A: I think my work comes out of both an intense desire for connection and what it means to feel isolated. There's always going to be a kind of tidal movement back and forth between the two. Art and literature have given so many people the relief of feeling connected -- pulled us out of isolation. It has let us know that somebody else breathed and dreamed and had sex and loved and raged and knew loneliness the way we do.

Q: What are you working on now?

A: Poems. And sometimes making notes for essays. I'm not really up for writing them yet. I feel this mistrust of there being an audience for the kind of essay I'd like to write, which is, again, not short and not comfortable. And maybe somewhat demanding.

Q: Critical?

A: Critical, political, or cultural. One of the things I have to say about this demon of the personal -- and I have to take responsibility for my part in helping create this demon, as part of a women's movement in which we celebrated personal experience and personal feelings -- is that it has become a horribly commoditized version of humanity. It's almost as though the personal life has been taken hostage in some way, and I'm shying away more and more from anything that would contribute to that.

Q: Midnight Salvage, I think, is a contribution about happiness, which of course means unhappiness as well.

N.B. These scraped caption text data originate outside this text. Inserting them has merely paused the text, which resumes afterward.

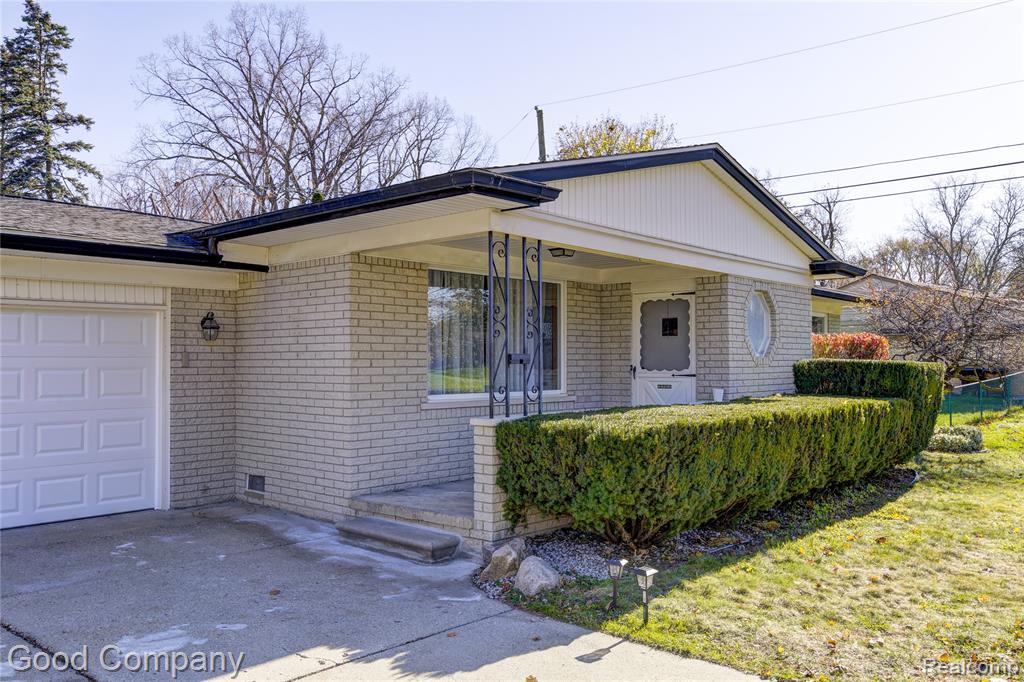 53400 Tundra Drive, Shelby Twp, MI 48316 — Photo 46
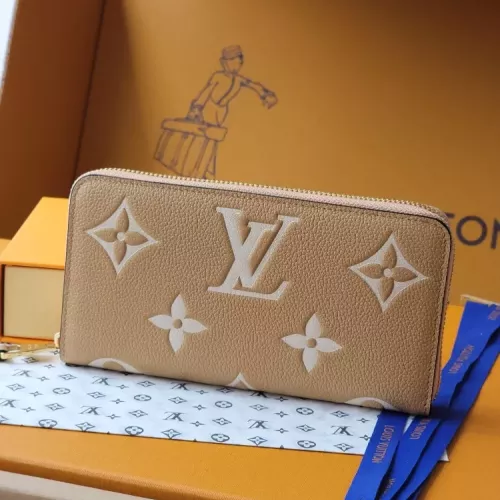 Louis Vuitton AAA Quality Card Case #1321380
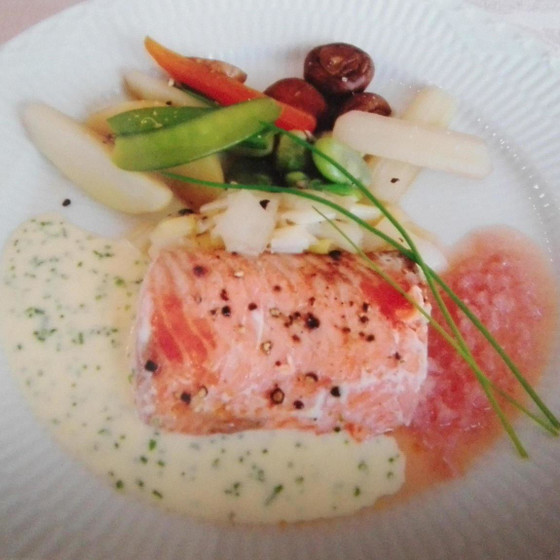 3月　お花見のフランス料理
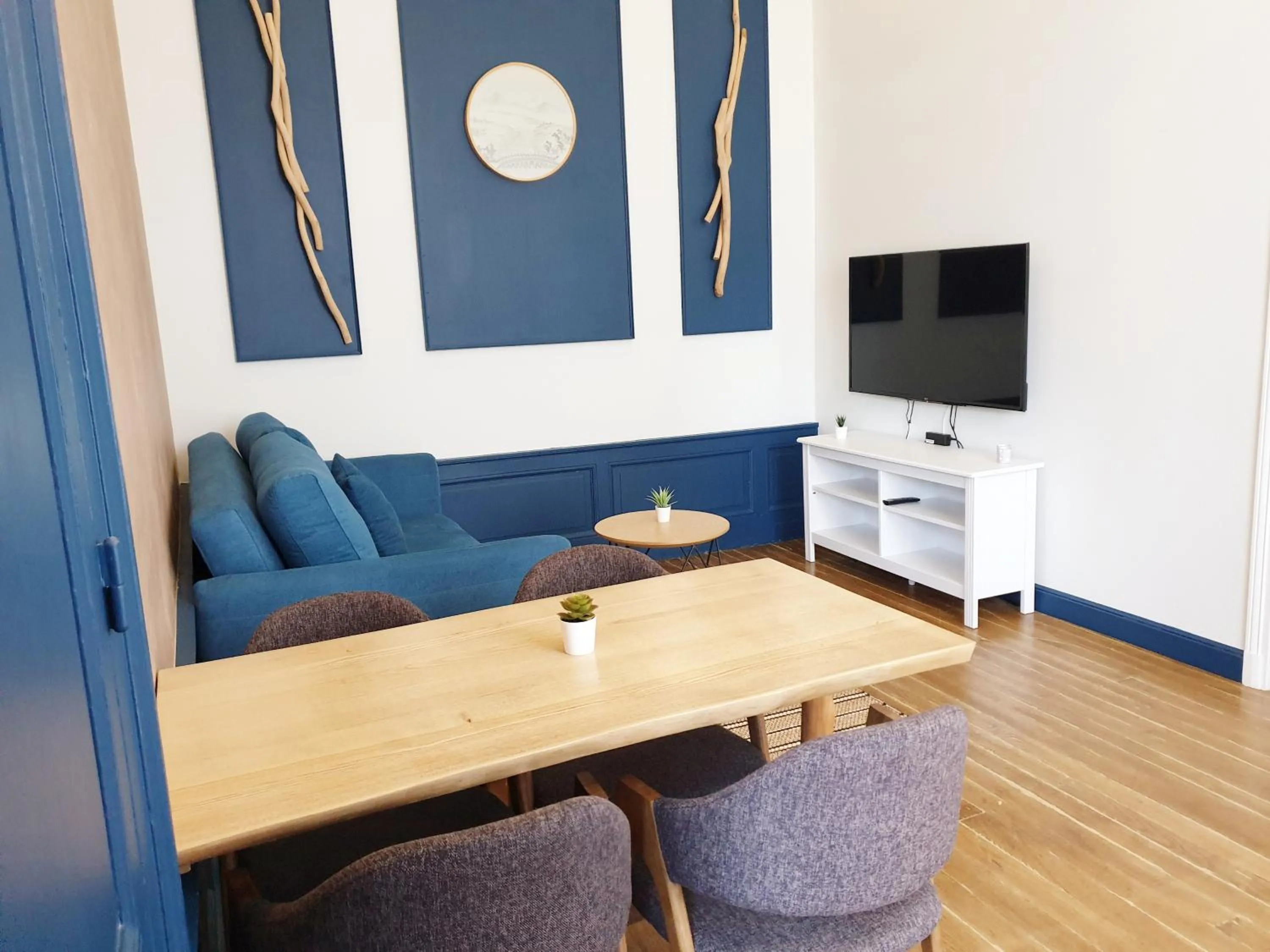 Living room in Meublés de l'Arsenal cœur de ville !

A: I have a poem from the '60s that begins: "Difficult, ordinary happiness, no one nowadays believes in you." And, yes -- it always goes with unhappiness. It's that thing that is glinting at the bottom of the stream that you're reaching for all the time -- your hand often not being able to grasp it, even though your eye can see it. n

Michael Klein, author of 1990 (Provincetown Poets Series) and Track Conditions: A Memoir (Ballantine Books), teaches in the MFA Program at Goddard College in Vermont and is on the faculty at the Fine Arts Work Center in Provincetown. He is working on a new nonfiction work called The End of Being Known.